**WHAT IS REQUIRED**
Pictures are to be left out, and the rest of the records reproduced exactly.

(Short text fragments from websites)
════

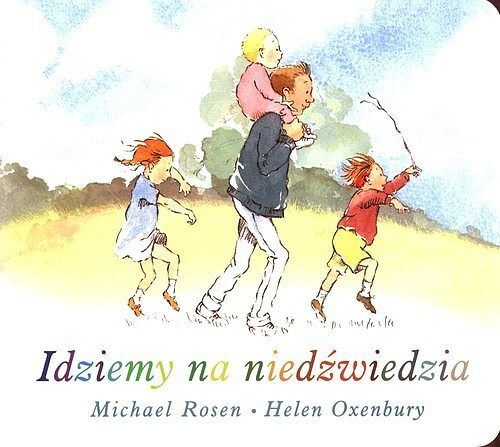 Idziemy na niedźwiedzia (wydanie kartonowe)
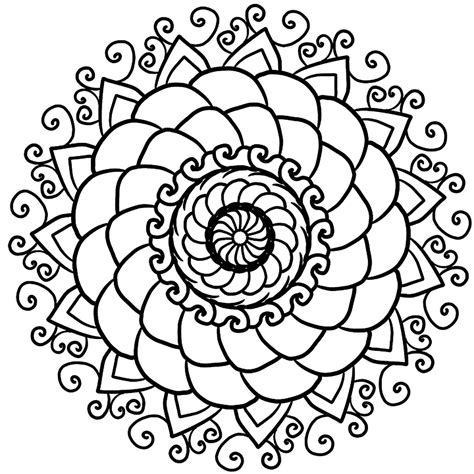 5 Free Mandalas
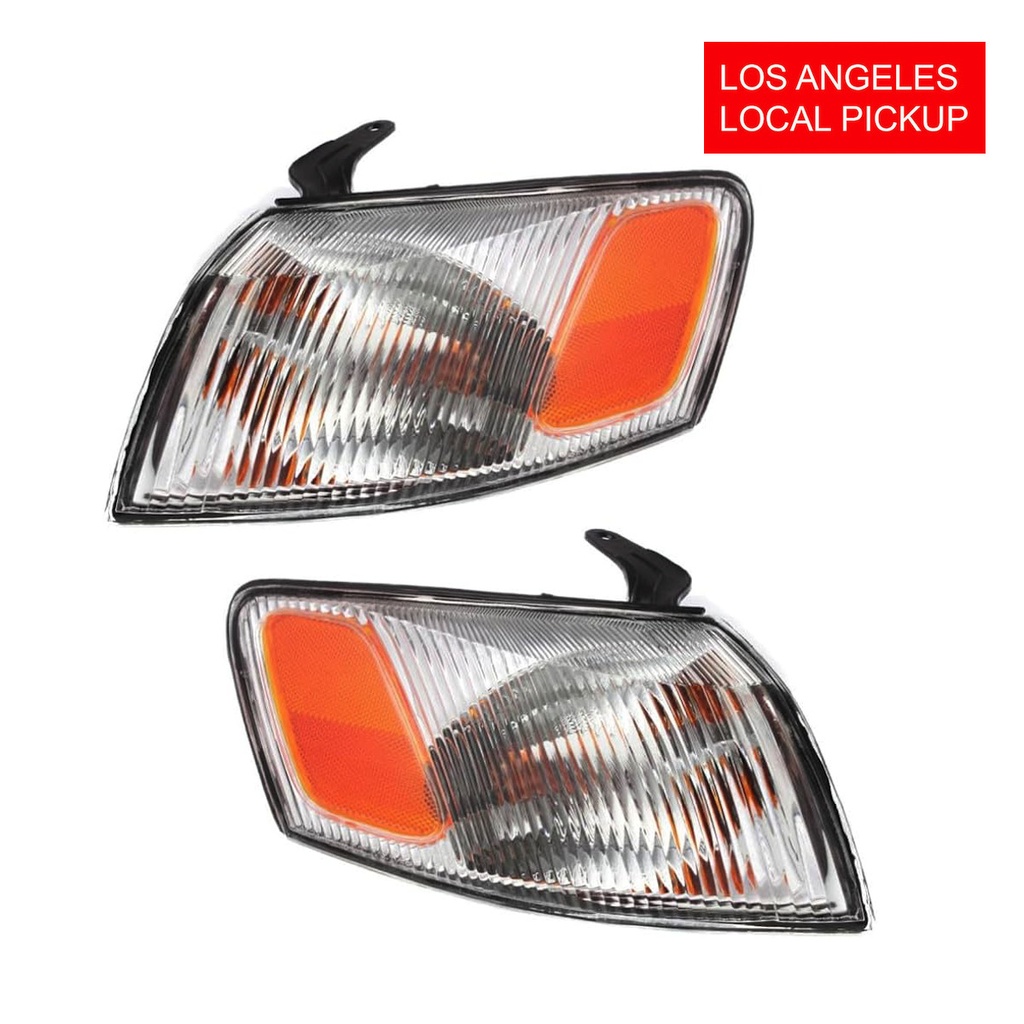 Set of 2 Signal Lights for Toyota Camry 1997-1999 TO2530126 TO2531126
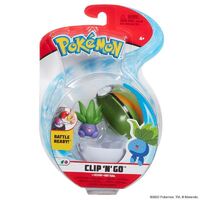 Pokemon - Clip "N" Go - Oddish & The Nest Ball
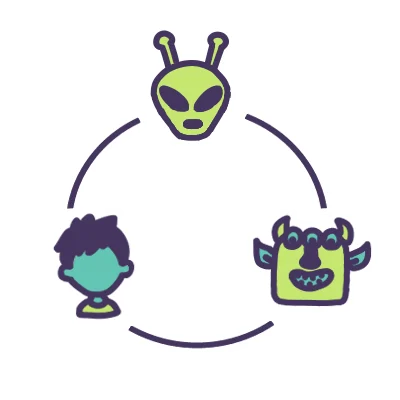 expand your characters icon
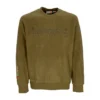 Sweatshirt mit gesticktem Logo „Olive Green“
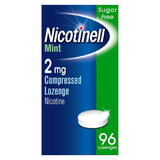 Nicotinell Lozenge Stop Smoking Aid 2 mg Mint 96 Pieces GOODS Boots   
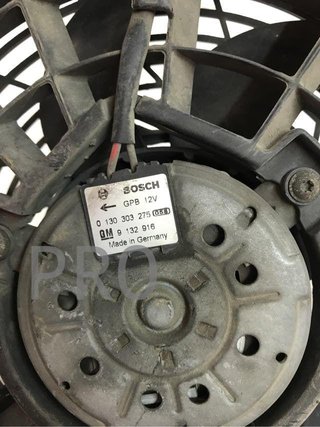 Electroventilador opel astra g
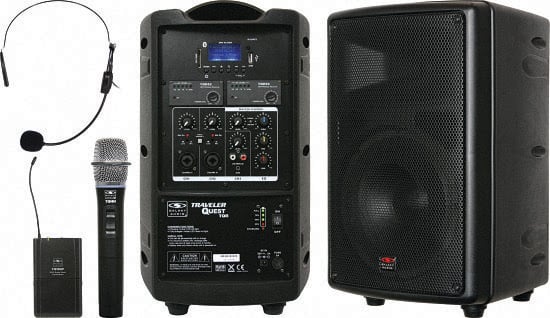 Galaxy Audio Introduces TQ8 All-In-One PA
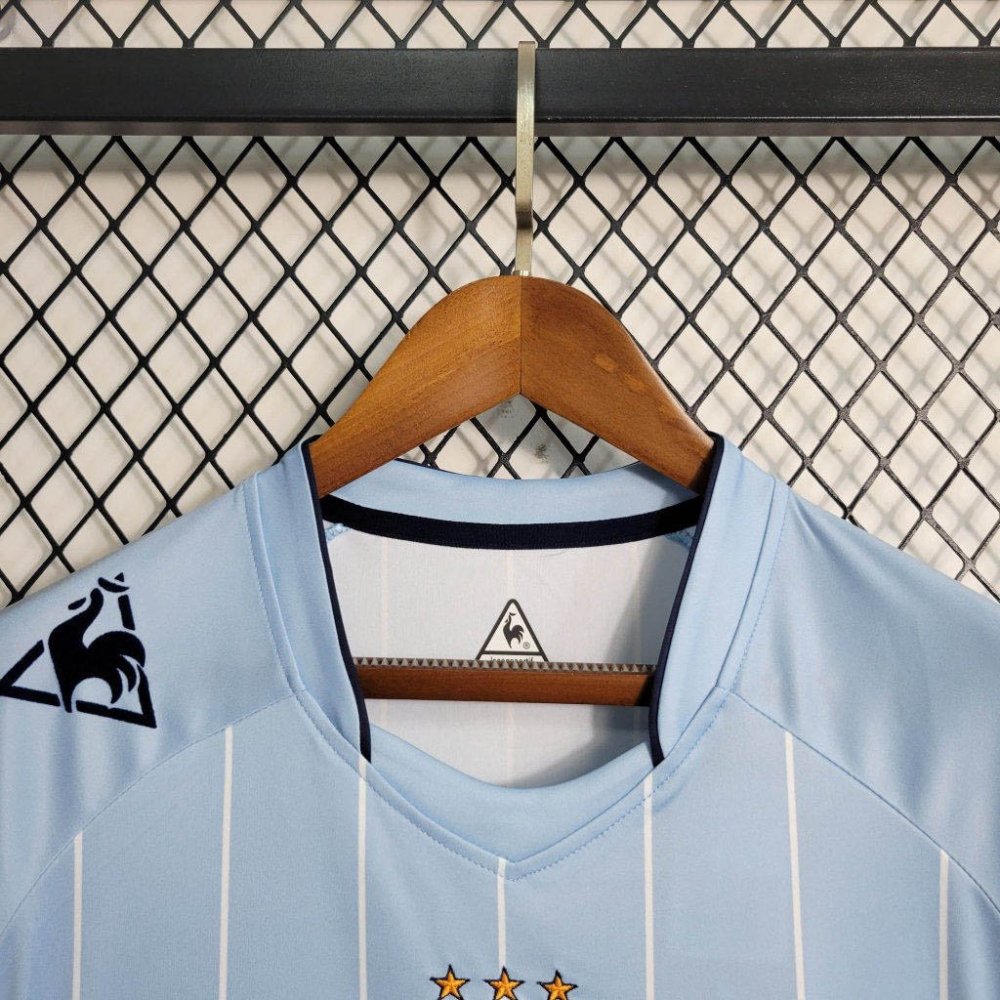1:1 copy top quality 2007/2008 Retro Manchester City Home Jersey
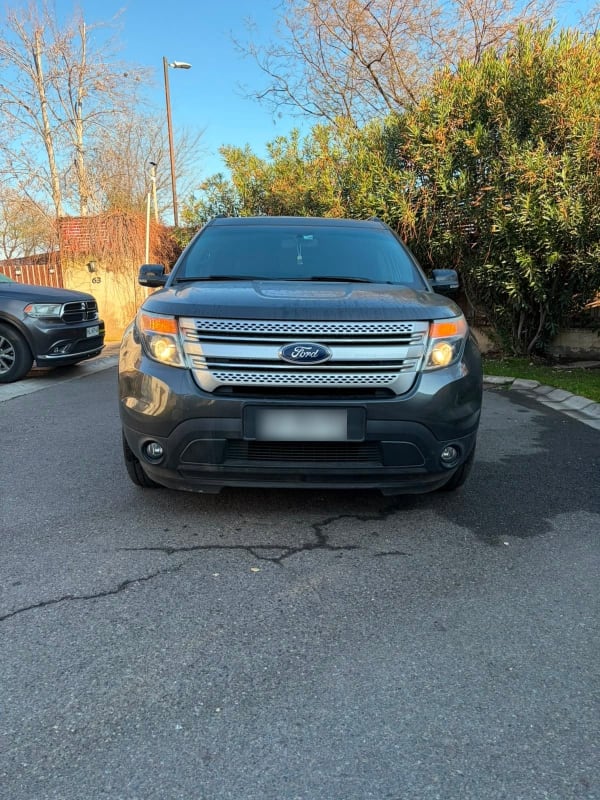 Ford EXPLORER 3.5 Xlt 3r 4x4 At año 2015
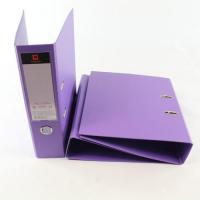 ราคา ตราช้าง แฟ้มสันกว้าง A4 สัน 3 นิ้ว สีม่วง รุ่น 2100 (7175378399)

════

**SOLUTION TO THIS TASK**
 Idziemy na niedźwiedzia (wydanie kartonowe)
 5 Free Mandalas
 Set of 2 Signal Lights for Toyota Camry 1997-1999 TO2530126 TO2531126
 Pokemon - Clip "N" Go - Oddish & The Nest Ball
 expand your characters icon
 Sweatshirt mit gesticktem Logo „Olive Green“
 Nicotinell Lozenge Stop Smoking Aid 2 mg Mint 96 Pieces GOODS Boots   
 Electroventilador opel astra g
 Galaxy Audio Introduces TQ8 All-In-One PA
1:1 copy top quality 2007/2008 Retro Manchester City Home Jersey
 Ford EXPLORER 3.5 Xlt 3r 4x4 At año 2015
 ราคา ตราช้าง แฟ้มสันกว้าง A4 สัน 3 นิ้ว สีม่วง รุ่น 2100 (7175378399)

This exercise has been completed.